The musical argument is taut and serious, the mood frequently angst-ridden.
The very opening of the symphony sets the scene perfectly: distorted,
arresting fanfares capture the attention, and Toch’s closely argued
structure never allows the concentration to drop. The mastery of counterpoint
is particularly impressive.
The performance is good. Only a bad trumpet split that
should have been re-taken two minutes into the piece betrays a lack
of available studio and/or editing time.
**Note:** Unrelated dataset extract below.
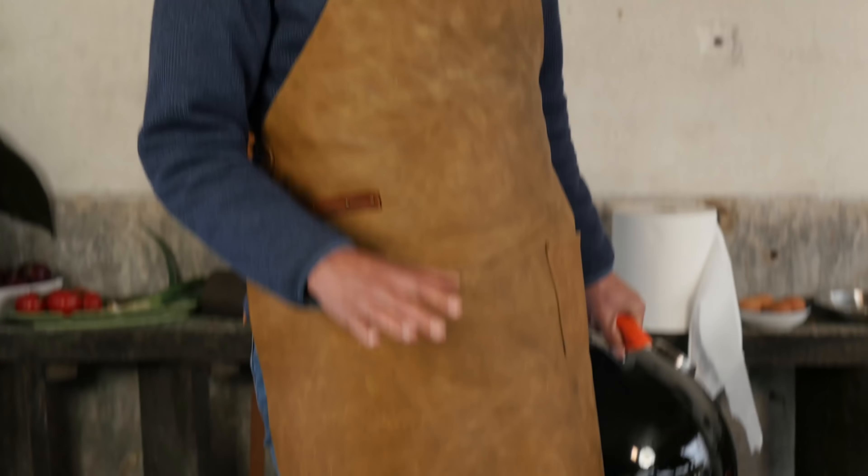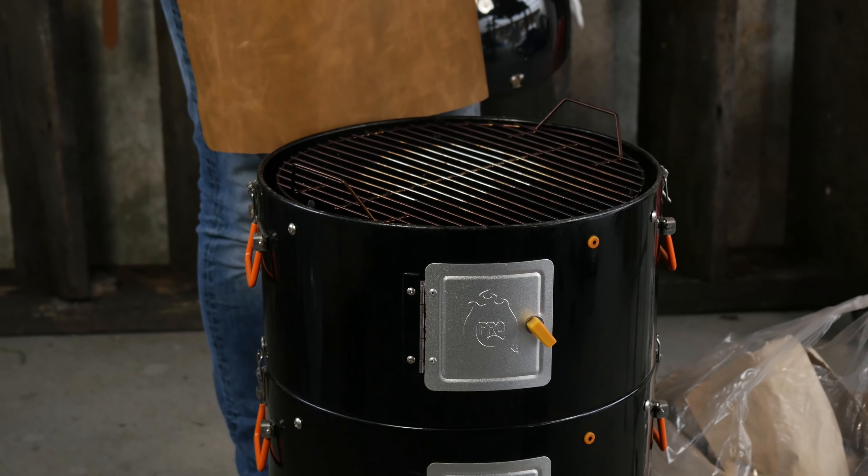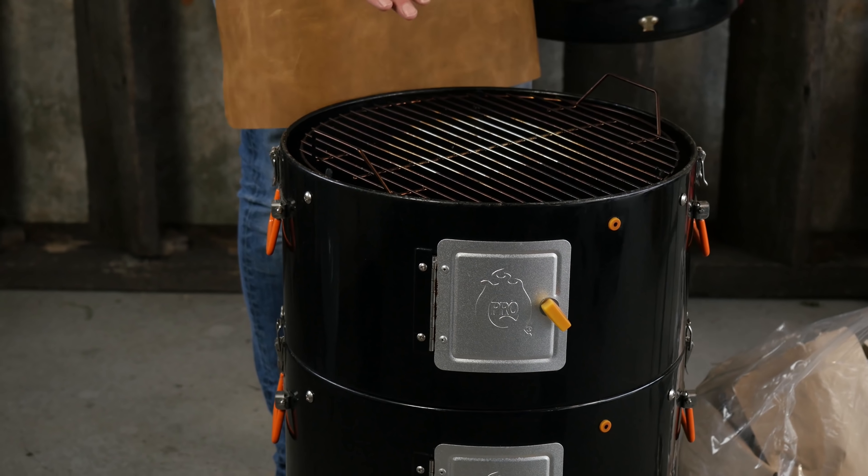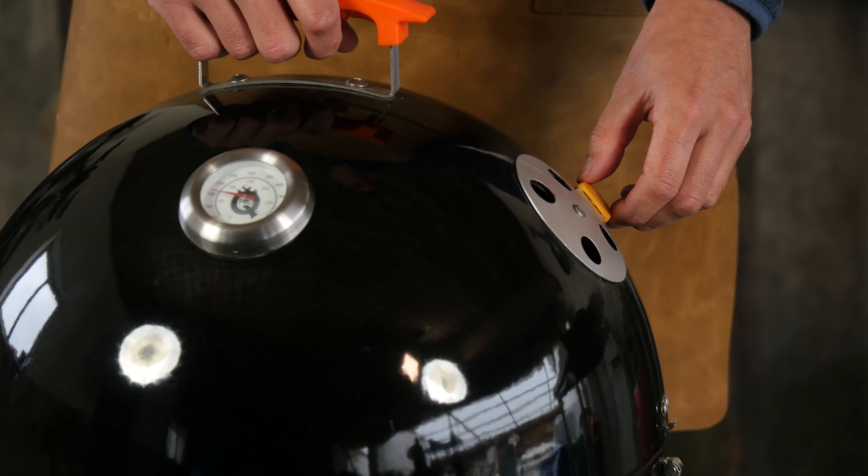I set up my smoker for direct heat, which means there is no water pan underneath here. We just got a grill grate in the high position and I have my top fan set to fully open. We want our smoker to run at a temperature of 110 degrees Celsius so our honey will come up to temperature slowly.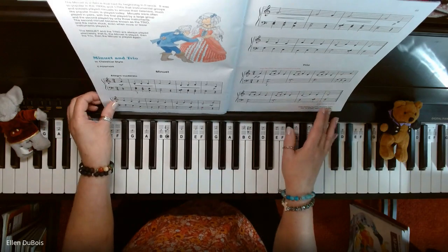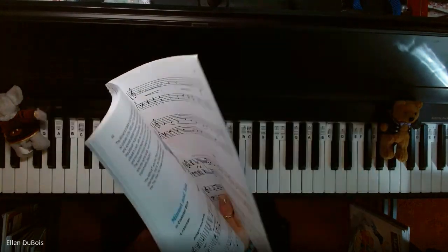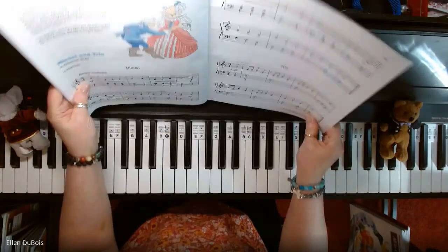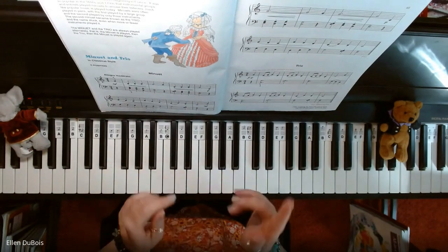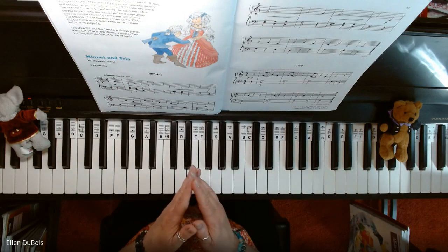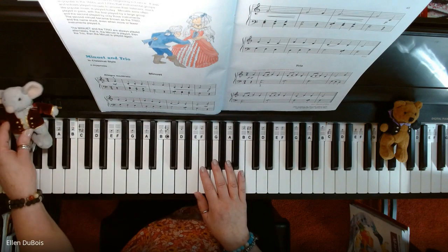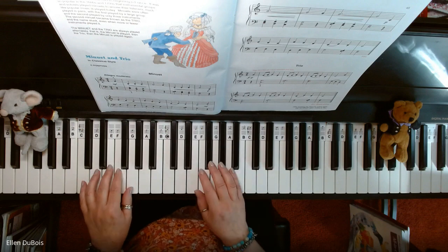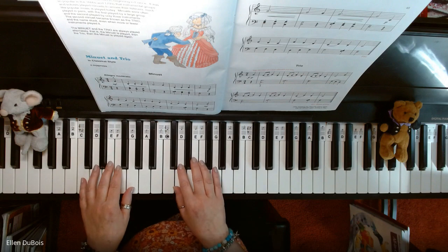Hey everyone, it's Ellen from Rhapsody Music Lessons, and this is Minuet and Trio found on page 44 of Alfred's Basic All-in-One Book Two. This has a very classical sound to it and I think you'll enjoy playing it. It also happens to be the last song in the book, then you move on to Book Three. I will leave a link in my description as to where you can find this book. If you like my videos, please hit that like and subscribe — I'd really appreciate it. So here is Minuet and Trio.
Much more important is the
way Francis and the Berlin Radio Symphony Orchestra capture the shadowy
nature of the scherzo (‘sehr leicht’) and the way they follow the tempo
direction of the Adagio to show it in the best possible light: ‘Adagio
ma non strascinare,’ Adagio, ‘but not dragging’.
The Third Symphony of four years later won a Pulitzer
Prize in 1956, having been commissioned to celebrate the 300th anniversary
of the founding of the Jewish community in the United States. Here Toch
adds a Hammond organ and ‘glass balls’ to the orchestra (a vibraphone
may be substituted for the latter), as well as some new instruments,
like the ‘rotarion’, a wooden box containing wooden balls which makes
a rumbling sound when moved. Toch saw himself continuing the line of
Richard Strauss (who has used a wind machine in his Alpine Symphony)
and Antheil (who had used aeroplane propellers as part of his armoury).
The Third Symphony was premièred by the Pittsburgh Symphony Orchestra
under William Steinberg, and a recording by them briefly appeared in
the UK on EMI Matrix CDM5 65868-2. If anything the Third inspires Francis
and his orchestra to even greater heights. The ‘march’ of the first
movement is simply stunningly played, as is the Andante tranquillo second
movement. The finale, marked ‘Allegro impetuoso’, is imbued with a busy
energy (it also contains another angular call-to-arms).
All in all this is a superb disc of wonderfully fascinating
music just waiting to be discovered. Perhaps there is even more freedom
of compositional imagination in the string quartet disc mentioned above,
but that does not make these symphonies any less riveting.